By Dan Levine
SAN FRANCISCO (Reuters) - A college regulator violated the law by failing to give California's largest community college a fair hearing before deciding to terminate its accreditation, according to a tentative court ruling on Friday.
The Accrediting Commission for Community and Junior Colleges had planned to withdraw accreditation from City College of San Francisco, citing a lack of financial accountability and other longstanding problems, none directly related to educational quality.
Lost accreditation would trigger funding cuts that would shutter the school, San Francisco's only community college, with more than 50 academic programs and over 100 occupational disciplines, from nursing to culinary arts and aircraft mechanics.
The city of San Francisco sued, and a judge put the accreditation decision on hold pending a trial that took place last year.
In a tentative ruling on Friday, San Francisco Superior Court Judge Curtis Karnow ordered the commission to give the college a chance to respond to all of the deficiencies the commission cited in its decision to terminate accreditation.

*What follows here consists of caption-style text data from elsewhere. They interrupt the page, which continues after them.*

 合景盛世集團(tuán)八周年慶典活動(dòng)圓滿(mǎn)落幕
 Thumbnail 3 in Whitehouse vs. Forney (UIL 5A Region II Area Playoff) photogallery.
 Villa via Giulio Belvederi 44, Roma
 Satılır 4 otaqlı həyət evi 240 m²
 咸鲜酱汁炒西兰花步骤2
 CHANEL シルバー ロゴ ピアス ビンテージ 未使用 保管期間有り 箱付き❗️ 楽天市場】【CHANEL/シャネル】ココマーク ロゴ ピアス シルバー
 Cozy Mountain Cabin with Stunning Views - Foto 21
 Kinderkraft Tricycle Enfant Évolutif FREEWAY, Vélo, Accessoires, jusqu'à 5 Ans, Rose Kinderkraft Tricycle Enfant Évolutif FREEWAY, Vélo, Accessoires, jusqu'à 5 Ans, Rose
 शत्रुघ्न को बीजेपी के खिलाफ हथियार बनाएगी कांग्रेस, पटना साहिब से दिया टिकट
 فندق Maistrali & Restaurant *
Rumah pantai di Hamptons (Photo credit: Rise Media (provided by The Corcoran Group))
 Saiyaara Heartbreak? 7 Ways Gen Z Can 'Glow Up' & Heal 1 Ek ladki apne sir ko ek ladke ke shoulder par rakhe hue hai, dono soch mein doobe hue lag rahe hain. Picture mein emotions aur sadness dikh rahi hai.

Representatives for the commission could not immediately be reached for comment.
In 2012, commission members and administrators at the college came down on opposite sides of an ongoing political issue about the role of community colleges, and the city's lawsuit alleged the commission acted to withdraw accreditation "in retaliation for City College having embraced and advocated a different vision."
The U.S. Department of Education authorizes the commission to evaluate 112 community colleges with more than 2 million California students every six years.
The case in Superior Court of California, County of San Francisco is People of the State of California ex rel. Dennis Herrera, San Francisco City Attorney vs. Accrediting Commission for Community and Junior Colleges and Does 1-50, 13-533693.